No. Please note this comment should have been placed at the bottom of the talk page, in the first place. Cuzkatzimhut (talk) 18:57, 28 December 2015 (UTC)[reply]

It appears that the articles Recurrence relation and Iterated function are about the same thing. Is there any objection to merging them? Which should be merged into which? Duoduoduo (talk) 22:52, 28 May 2010 (UTC)[reply]

See discussion at talk:Recurrence relation. —Preceding unsigned comment added by Jowa fan (talk • contribs) 06:19, 1 June 2010 (UTC)[reply]

Surely the expressions can be by far non rigurous, but can be someone to look my notes on [1] and improve that or comment about? — Preceding unsigned comment added by 80.25.164.213 (talk) 20:06, 20 July 2012 (UTC)[reply]

I sense you are in the wrong article, except perhaps for the brief summary remarks of the "Conjugacy" section. You are replicating, in somewhat idiosyncratic language, the continuous iteration orbit theory of Schröder's equation. Possibly Curtright, T.; Jin, X.; Zachos, C. (2011). "Approximate solutions of functional equations". Journal of Physics A: Mathematical and Theoretical. 44 (40): 405205. doi:10.1088/1751-8113/44/40/405205. is useful. Cuzkatzimhut (talk) 20:16, 20 July 2012 (UTC)[reply]

From my time as student I develop some aproximation to this field. Maybe some ideas can be useful. [2] — Preceding unsigned comment added by 80.25.164.213 (talk) 10:27, 20 August 2012 (UTC)[reply]

Your compositional index eqn is Abel's equation, with a standardized theory: You are constructing Koenigs function for Schröder's equation.Cuzkatzimhut (talk) 10:56, 20 August 2012 (UTC)[reply]

I think the article should say a bit more about the question of existence and uniqueness (or lack thereof) of fractional and continuous iterates. At the moment it simply says "In some instances, fractional iteration of a function can be defined", which is not tremendously illuminating. 86.160.216.252 (talk) 13:31, 24 October 2012 (UTC)[reply]

My own sense is that this article here is a popular entryway into the subject, and anyone more seriously interested and more mathematically inclined to worry about existence and uniqueness would have moved on to Schröder's equation and thence Koenigs function, where such issues belong, a while ago — if not Böttcher's equation and Abel's equation. I assume the reader of this article is an engineer or an undergraduate, the reader of Schröder's equation a graduate student, and that of Koenigs function, a mathematically sophisticated reader. If one wished to adduce the first Kuczma book reference after "defined", that might useful. But adducing the Szekeres, etc... references that address the problem properly and completely would be overkill, and could only alienate the "first contact" reader seeking something compact and practical....Cuzkatzimhut (talk) 15:03, 24 October 2012 (UTC)[reply]

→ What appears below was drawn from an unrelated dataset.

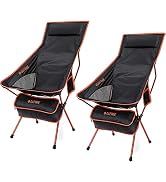 G4Free Lichtgewicht Camping Stoel Outdoor Vouwen Hoge Rug Camp Lounge Stoelen met Hoofdsteun voor P...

I agree that this article should not go into enormous technical detail about this topic. I just think it should say a bit more than it presently does about the two questions "Do fractional/continous iterations always exist (e.g. for "sensible" continuous functions)?" and "If they exist, are they unique?". It only needs to be a handful of lines, with perhaps a couple of examples. I think this is of general interest to the curious reader. 86.160.216.252 (talk) 17:15, 24 October 2012 (UTC)[reply]

Indeed, a few evocative illustrations might be helpful, if simple. Cuzkatzimhut (talk) 18:27, 24 October 2012 (UTC)[reply]

There was a section in inverse function related to f², f^k, and so, that I trimmed due to obvious WP:stay on topic concerns. Can somebody reuse this stuff here? Incnis Mrsi (talk) 15:35, 3 July 2013 (UTC)[reply]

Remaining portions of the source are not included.